If you’re a mom and somehow unaware of a) how vicious the mommy blogger world is and b) how dearly moms hold onto their beliefs about sleep training (or not sleep training), then honestly, I envy you.
Sleep training – whether or not to do it, how to do it, whether you’re terrible if you do or too soft if you don’t, is a debate that rages on and on and on.
Women on both sides have dug in, and while one side is probably more well-rested, neither are going to change their positions.
Which blogger and TikTok user @comingupfern must have known when she posted a video about how she doesn’t put her 5mo in a crib.
“If you look at a typical American nursery, you will notice that it’s set up for the parent’s benefit — not the child’s. All of the artwork is usually up high where babies can’t even see it.”
She goes on to call cribs “little baby jail cells” and say that using them is “inhumane.”
“We literally buy these little baby jail cells so that we can just leave our baby in there and walk away. I don’t have a crib because I will never enforce my baby to have a bedtime. Babies are people too and forcing anyone to sleep when they’re not tired is inhumane.”
Then she goes one-step further, comparing putting a baby in a crib to a partner locking you in a room.
“Imagine if your partner locked you into a container you couldn’t get out of and told you you had to sleep even though you weren’t tired. That would be abuse and you’d probably leave them. Kids deserve the right to bodily autonomy like we do.”
HER baby sleeps in a floor bed she can use when she feels like it, and leave when she doesn’t.
Here’s the full video:
https://www.tiktok.com/@comingupfern/video/6916992664307109125?is_from_webapp=v1&is_copy_url=1
Other moms were quick to point out that this is not a sleep training post, really, or even one about giving your child choices when you’re able – it’s about safety, and about your job to teach your baby about things like sleeping when they’re tired.
And that cribs exist to keep babies safe, as well as contained.
Babies need schedules and structure, not only for our convenience, but for their developing brains.
They need sleep, even if they don’t want it. They need a safe place to do it, even if it has bars on it.
this is a big yikes. babies don’t have all the self-regulatory mechanisms developed yet to determine “i feel tired” = “i should close my eyes and go to sleep.” adults *have* to help children learn how to take care of themselves by creating an environment for good sleep.
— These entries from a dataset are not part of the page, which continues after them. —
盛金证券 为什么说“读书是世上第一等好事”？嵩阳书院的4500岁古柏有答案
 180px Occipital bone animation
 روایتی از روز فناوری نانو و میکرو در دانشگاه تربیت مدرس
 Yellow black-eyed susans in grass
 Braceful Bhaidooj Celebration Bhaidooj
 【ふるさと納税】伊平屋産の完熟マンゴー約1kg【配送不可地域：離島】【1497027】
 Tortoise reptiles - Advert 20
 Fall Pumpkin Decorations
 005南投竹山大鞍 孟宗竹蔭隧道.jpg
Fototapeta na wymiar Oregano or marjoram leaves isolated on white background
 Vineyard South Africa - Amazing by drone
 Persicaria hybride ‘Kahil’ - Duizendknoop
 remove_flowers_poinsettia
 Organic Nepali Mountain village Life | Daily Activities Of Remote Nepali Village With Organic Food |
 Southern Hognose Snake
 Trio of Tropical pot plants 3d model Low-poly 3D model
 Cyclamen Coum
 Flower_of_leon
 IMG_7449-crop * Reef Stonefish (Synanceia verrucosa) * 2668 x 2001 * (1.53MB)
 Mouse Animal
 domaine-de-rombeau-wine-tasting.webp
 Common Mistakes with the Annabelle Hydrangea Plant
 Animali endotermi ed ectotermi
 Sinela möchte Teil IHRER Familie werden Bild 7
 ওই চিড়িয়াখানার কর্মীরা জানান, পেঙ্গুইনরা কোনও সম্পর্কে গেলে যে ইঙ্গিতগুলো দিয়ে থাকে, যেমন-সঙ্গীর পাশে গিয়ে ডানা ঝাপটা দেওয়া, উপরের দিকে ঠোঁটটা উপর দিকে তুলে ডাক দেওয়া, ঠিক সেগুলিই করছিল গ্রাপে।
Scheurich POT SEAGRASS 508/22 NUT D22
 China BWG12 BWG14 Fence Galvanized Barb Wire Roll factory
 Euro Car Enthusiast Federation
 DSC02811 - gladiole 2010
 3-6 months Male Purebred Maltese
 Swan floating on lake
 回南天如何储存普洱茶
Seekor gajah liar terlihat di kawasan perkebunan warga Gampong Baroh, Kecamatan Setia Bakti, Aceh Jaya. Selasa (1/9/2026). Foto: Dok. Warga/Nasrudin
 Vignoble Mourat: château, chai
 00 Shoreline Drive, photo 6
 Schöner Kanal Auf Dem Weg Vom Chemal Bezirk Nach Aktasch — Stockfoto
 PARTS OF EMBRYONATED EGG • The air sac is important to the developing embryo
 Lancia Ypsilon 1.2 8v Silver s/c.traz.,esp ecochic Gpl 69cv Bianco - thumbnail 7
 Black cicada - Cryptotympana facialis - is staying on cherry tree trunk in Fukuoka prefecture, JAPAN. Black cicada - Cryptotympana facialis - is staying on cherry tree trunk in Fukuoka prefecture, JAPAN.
— alecia lynn eberhardt-smith (@alecialynn) January 17, 2021
Discussions around how to sleep train a baby, or whether or not it’s harmful are not this – this is saying it’s not your job as a parent to be a parent, and to do what’s best for your child, even if they don’t like it.
I say we check back in with this lady when her daughter is, say, fourteen.
I bet (I hope) it will be a whole different ball game.